Fixion
Virtualisation system for my home
Summary
I work a lot with Linux systems administration and I love self-hosting. I often need to create virtual machines to quickly try something potentially destructive, to run tests over a few hours or days, or to host services permanently for myself or others.
I don’t like to create VMs on my laptop because it uses too much CPU and memory, and I often want to keep the VMs running while my laptop is in sleep mode.
That’s why I invested in a small dedicated virtualisation server for my home. In this post, I describe all the technical details of setting it up and running it.

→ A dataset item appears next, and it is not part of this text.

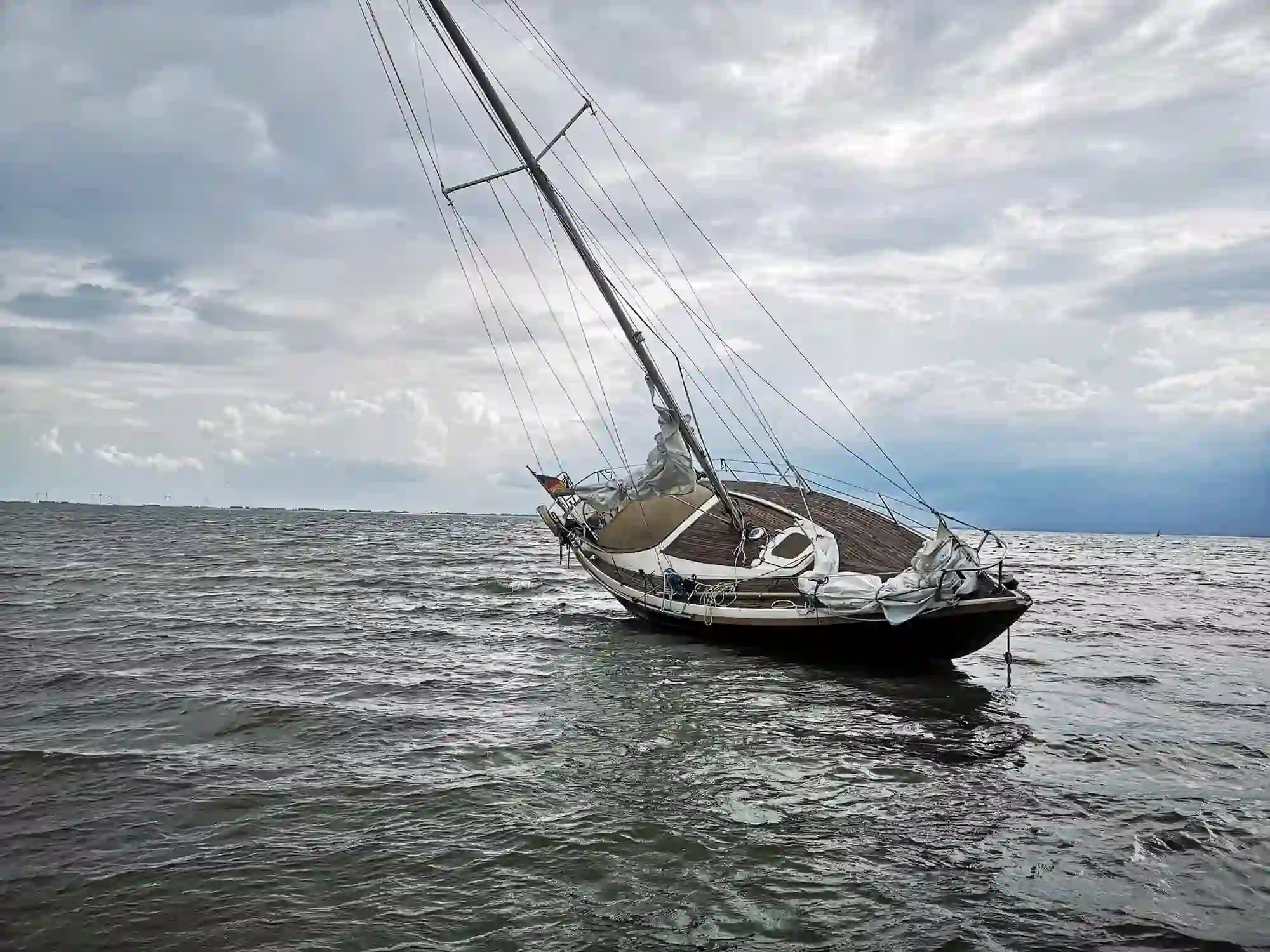 A sailboat is tilted to one side in choppy water under a cloudy sky, appearing damaged or abandoned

Here is my simple virtualisation system based on Ubuntu, libvirt, libguestfs and shell scripts.
Table of Contents
Use-cases
- Testing things on a fresh and ephemeral OS.
- Self-hosting of persistent services.
- Testing my DHCP and DNS infrastructure by instantiating a new system on the network.
- Developing and testing Ansible playbook.
Main features and components
- For comfort and simplicity, I use Ubuntu on my workstation, hypervisor and guests. Ubuntu feels cozy to me. It’s easy to get things done with it, and there’s lots of help and resources on the web.
- Minimal provisioning is done using simple shell scripts
calling
virt-clone
to create qcow2 images from a template, andvirt-install
to interact withlibvirt
. - Ansible playbooks set up observability on VMs automatically, so I can immediately get monitoring and start watching at them in Grafana.
Architecture
In addition to the virtualization server, there are three other main components:
- My laptop, where I run my infrastructure automation scripts and playbooks.
- Watchtower, my observability platform, a VM running Prometheus, Loki, Alertmanager, Grafana and others.
- TrueNAS, my storage and backups server. There is another TrueNAS server at my brother’s house and we have cross-site replication tasks for backups.
Scalability
This is really just a single node virtualisation platform. If at some point I buy one or two more servers to do virtualisation, I wouldn’t have an orchestrator that would schedule VMs on nodes automatically. Libvirt only works on a single node, and doesn’t form a cluster. That would require something like OpenStack or oVirt.
If I had multiple virtualisation hosts, I would probably just manually and statically assign VMs to hosts. If I needed high-availability over a node failure, I would configure redundancy at the application level, and use load-balancing for high-availability.
Hardware
My virtualisation server runs on a relatively inexpensive and tiny form-factor Lenovo ThinkCentre.
I paid 329.78$ (CAD) on eBay for the computer: i5-4570T processor with 16 GB of memory and a 240 GB SSD.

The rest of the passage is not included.